TRUMBULL CO., Ohio (WKBN) – Farmers are harvesting this year’s corn but are facing low prices for the fourth-straight year.
Hovering around $3.50 a bushel, prices are about half of what they were in 2013.
“It’s probably the lowest we’ve been in awhile,” said Jenifer Pemberton, a grain merchandiser at Deerfield Ag Services.
Most of the corn grown locally is a feed-grade corn, meaning that it’s used for animal feed and for ethanol.
There’s a lot that goes into the price of corn. The price of oil, politics and international treaties all play a part in the low price.
Out in the field, however, the reason is much easier to understand.
“Too much corn, not enough consumption. That’s real simple,” said Trumbull County Farmer Dan Denman.
At $3.50, the average field will bring in about $550 per acre.
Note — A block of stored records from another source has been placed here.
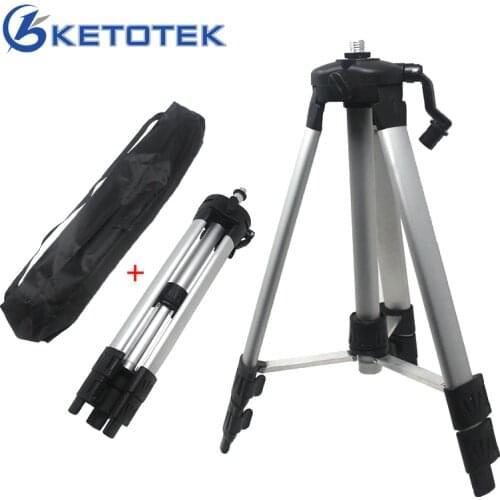 120cm Laser Level Tripod 5/8'' Connector Adapter Carbon Aluminum Tripod for Laser Level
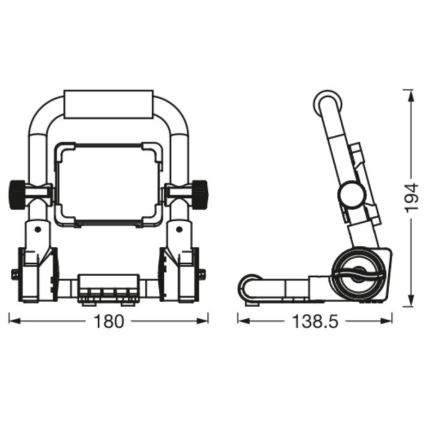 Ledvance - LED-Strahler für den Außenbereich WORKLIGHT R-STAND LED/10W/230V 6500K IP65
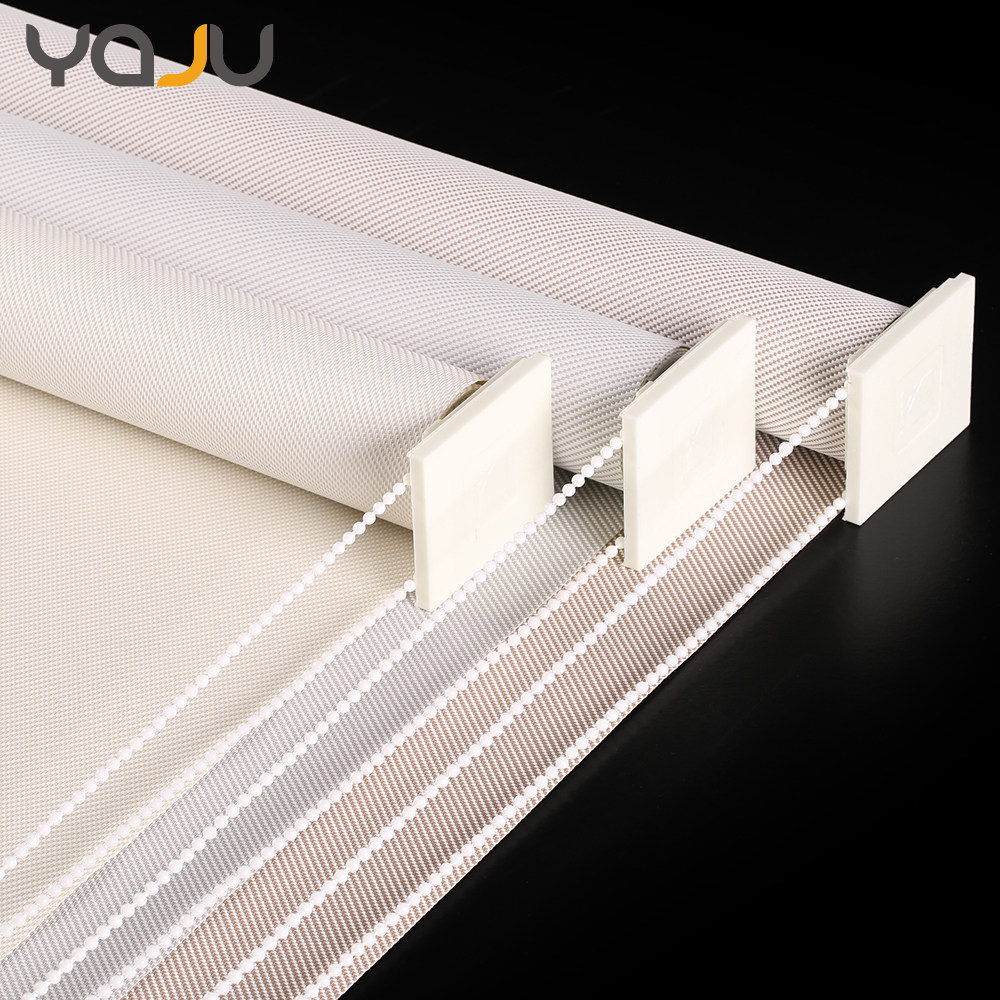 New thickened high-grade sun fabric roller blinds Pull beads lift sunshade sunscreen transparent and transparent view office curtains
That’s not a lot, especially when just four years ago the price was double what it is now.
That means farmers will have to get creative in their finances.
“We gotta do whatever we can do to conserve and watch the markets and pricing and buy when we think we can buy products at reasonable prices and do the best we can,” Denman said.
The financial impact from this harvest could reach forward to spring planting, too.
“It will actually probably be more difficult because money will be tighter,” Denman said.
Farmers say they will do what they can to make ends meet.